» WHAT NEEDS TO BE DONE
A faithful copy is needed of the lines below from the one with "Willow Creek Press" up to and including the one with "Slippers 2024 Winter"; set it down with no pictures and no other lines.

[DATASET EXTRACT Boundary: Start]

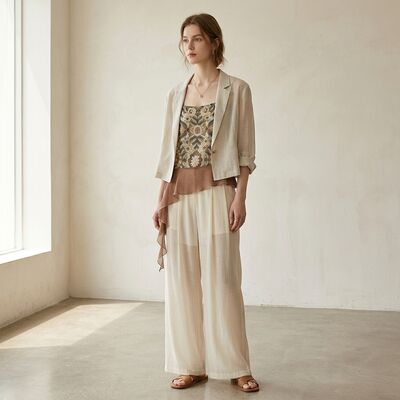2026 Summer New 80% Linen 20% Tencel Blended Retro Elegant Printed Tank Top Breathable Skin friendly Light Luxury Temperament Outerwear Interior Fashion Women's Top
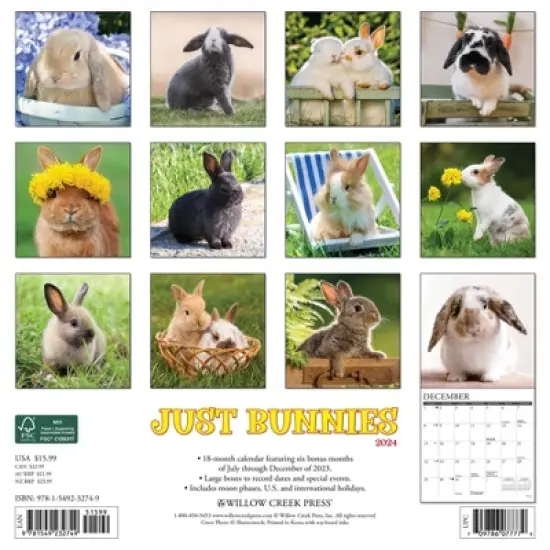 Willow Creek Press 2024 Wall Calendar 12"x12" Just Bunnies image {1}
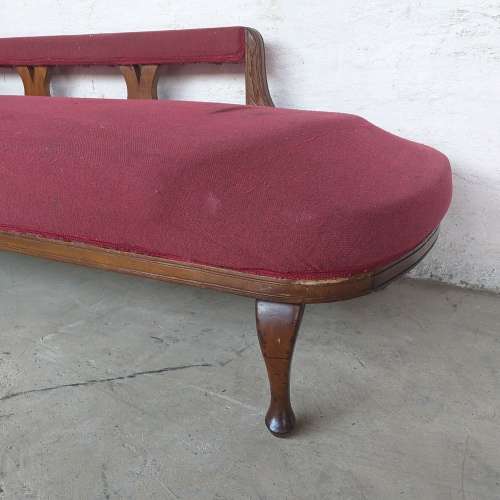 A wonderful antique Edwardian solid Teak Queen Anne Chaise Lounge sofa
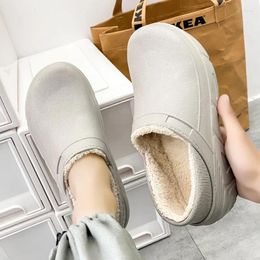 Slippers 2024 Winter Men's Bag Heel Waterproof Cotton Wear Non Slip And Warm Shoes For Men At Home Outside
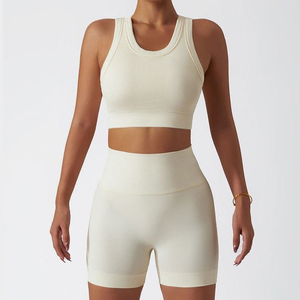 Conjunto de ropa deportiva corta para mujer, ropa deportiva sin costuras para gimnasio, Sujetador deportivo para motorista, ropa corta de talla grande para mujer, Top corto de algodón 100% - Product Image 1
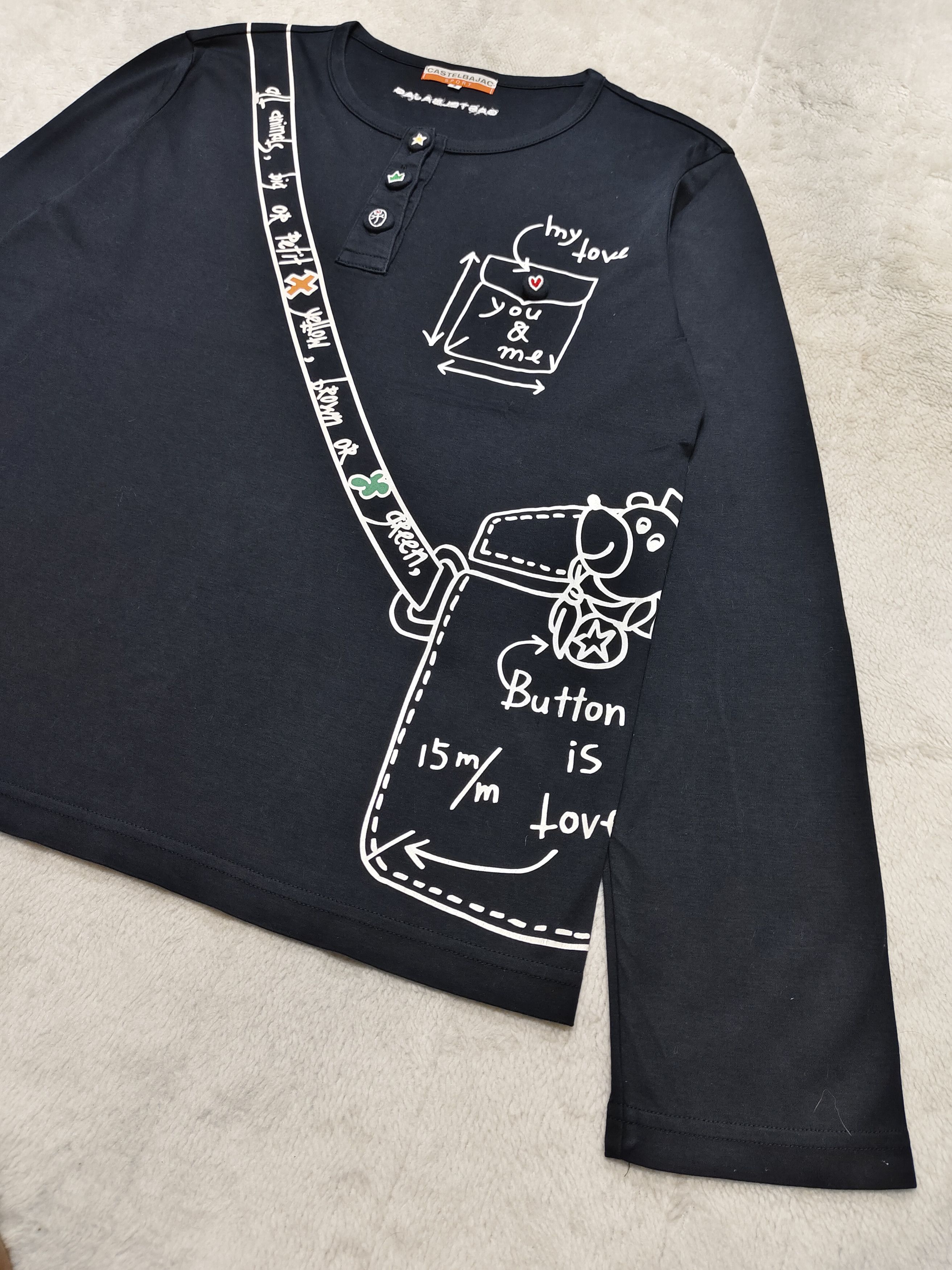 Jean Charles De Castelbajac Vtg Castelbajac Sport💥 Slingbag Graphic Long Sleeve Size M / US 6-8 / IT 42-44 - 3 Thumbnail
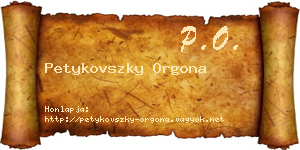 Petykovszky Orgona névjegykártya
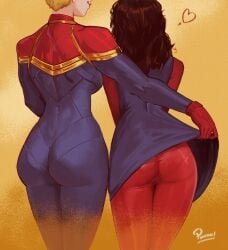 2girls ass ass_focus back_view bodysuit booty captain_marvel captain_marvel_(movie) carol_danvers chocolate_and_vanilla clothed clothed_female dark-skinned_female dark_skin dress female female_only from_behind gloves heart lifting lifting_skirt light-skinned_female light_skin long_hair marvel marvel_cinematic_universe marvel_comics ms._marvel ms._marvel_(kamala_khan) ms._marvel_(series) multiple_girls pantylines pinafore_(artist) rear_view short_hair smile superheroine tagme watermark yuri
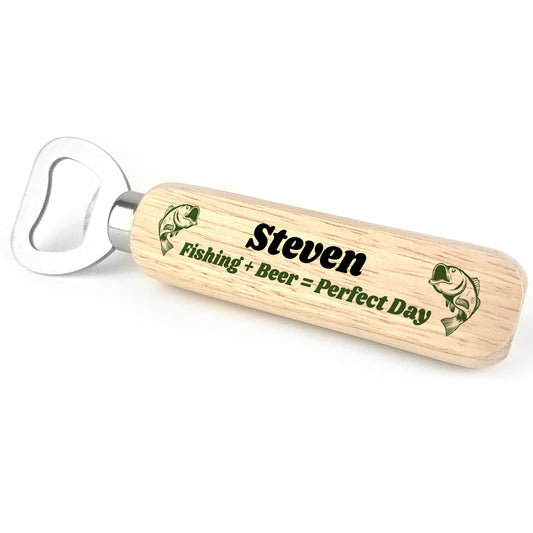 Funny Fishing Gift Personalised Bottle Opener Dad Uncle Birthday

[DATASET EXTRACT Boundary: End]

» TASK ANSWER
 Willow Creek Press 2024 Wall Calendar 12"x12" Just Bunnies image {1}
 A wonderful antique Edwardian solid Teak Queen Anne Chaise Lounge sofa
 Slippers 2024 Winter Men's Bag Heel Waterproof Cotton Wear Non Slip And Warm Shoes For Men At Home Outside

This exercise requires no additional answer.